Another trend is that semistructured data formats such as XML are often considered to combine the advantages of structured and unstructured data by imposing a certain amount of structure on free text. XML accomplishes structuring without the rigidity of a relational database [GB02]. As a result, it affords users an easily processed format for extracting certain information. Usually an explicitly attached DTD or Schema file is used to categorize the structure and purpose of a XML document [ER00, KT00]. This metadata allows more precise retrieval of information of interest, and improves recall by limiting the search scope to only those documents matching particular schema(s), and returning the exact fragment instead of the whole document. Serving as an interchange data format, it also helps resolve certain data heterogeneity issues at the system and syntactic levels. As stated in [PS98, She98], increasing standardization or adoption of ad hoc standards, such as Dublin Core [CLC98], as well as metadata standards in domains such as bibliography, space, astronomy, geography, environmental science [GV98], and ecology [RBH00], have achieved system, syntactic, structural, and limited semantic interoperability.

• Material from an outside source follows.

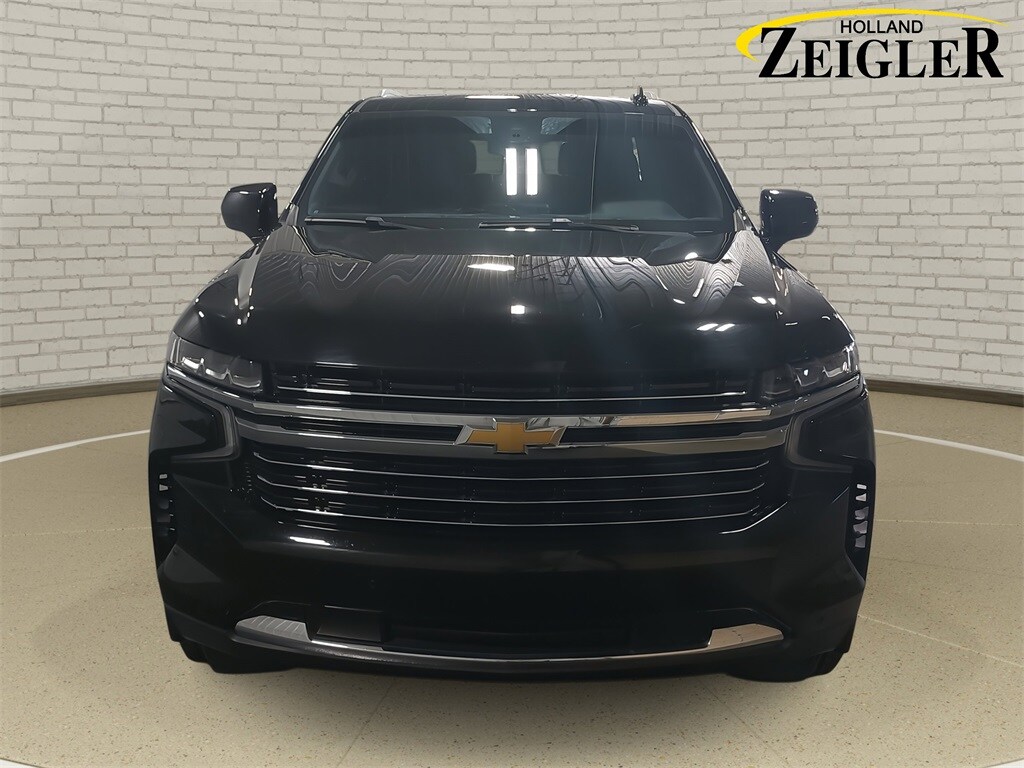 2023 Chevrolet Tahoe LT photo 2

Unfortunately, it is unrealistic to expect that all heterogeneity can be solved entirely through standardization. The major difficulty is that the data at different sources tends to be formatted in changing and incompatible ways, and even worse, represented under changing, incompatible and often implicit assumptions. For example, the bibliographical databases of different publishers may use different units for prices, different formats for author and editor names (e.g., full name or separated first name and last name), and the publisher name may not appear as a value, but only be implicit. Moreover, infromation in one database may appear as an attribute in another. Even worse, the same word may have a different meaning, and the same meaning may have different names in different contexts. This implies that syntactical data and meta-data can not provide enough semantics for all potential integration purposes. As a result, the data integration process is often very labor-intensive and demands more computer expertise than most application users have. Therefore, semi-automated approaches seem the most promising, where data integrators are given an easy tool for describing mappings between the global (global and master are used interchangely in this paper) schema and local schemas, to produce a uniform view over the local databases.

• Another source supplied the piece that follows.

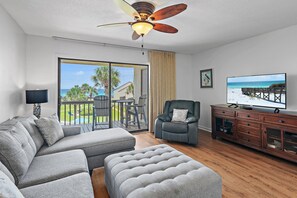 House, Multiple Beds (Blue Surf 16B) | Living area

Our approach, called DDXMI (for Distributed Documents XML Metadata Interchange), builds on that of XMI [XMI]. The master DDXMI file includes XML document name or location information, XML path information, and semantic information about XML elements and attributes. A system prototype has been built that generates a tool for meta-users to do the meta-data integration, producing a master DDXMI file, which is then used to generate queries to local documents from master queries, and to integrate the results. This tool parses local DTDs, generates a path for each element, and produces a convenient GUI. The mappings assign indices, which link local elements to corresponding master elements and to the names of conversion functions. These functions can be built-in or user-defined in Quilt [CRF00], which is our XML query language. The DDXMI is then generated based on the mappings by collecting over index numbers. User queries are processed by Quilt according to the generated DDXMI, by generating an executable query for each relevant local document.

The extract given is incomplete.